**What the task asks:**
The records below must be repeated exactly, but without their pictures.
== Segment start ==
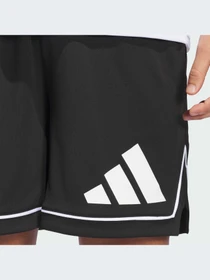 Шорты Adidas модель JN4728-KZ Фото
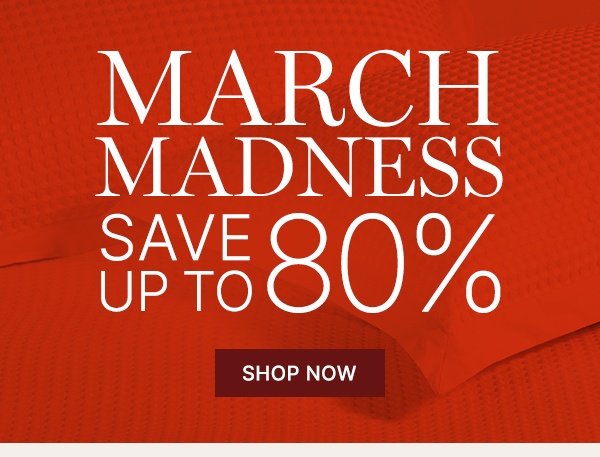 March-Madness-Up-to-80pct-Off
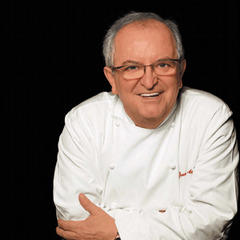 Juan Mari Arzak quotes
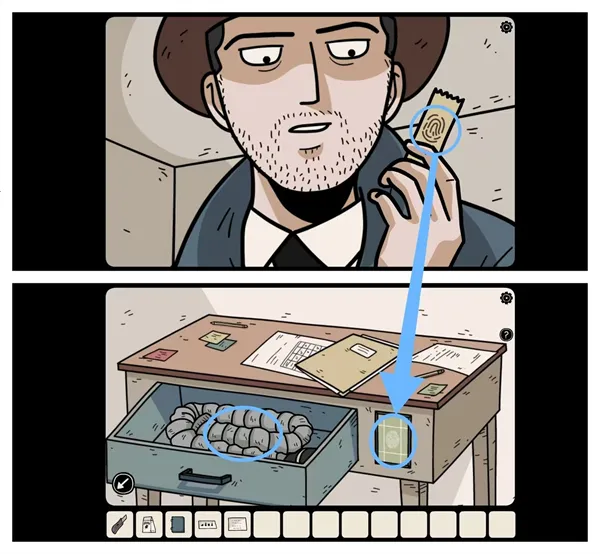 ��Ӱ����(�����ֻ���Ϸ)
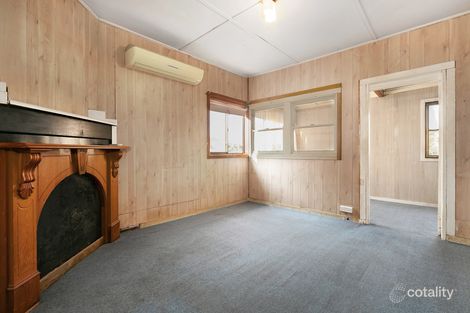 Property photo of 3 Chandler Avenue Cowan NSW 2081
== Segment end ==
**Expected answer:**
 Шорты Adidas модель JN4728-KZ Фото
 March-Madness-Up-to-80pct-Off
 Juan Mari Arzak quotes
 ��Ӱ����(�����ֻ���Ϸ)
 Property photo of 3 Chandler Avenue Cowan NSW 2081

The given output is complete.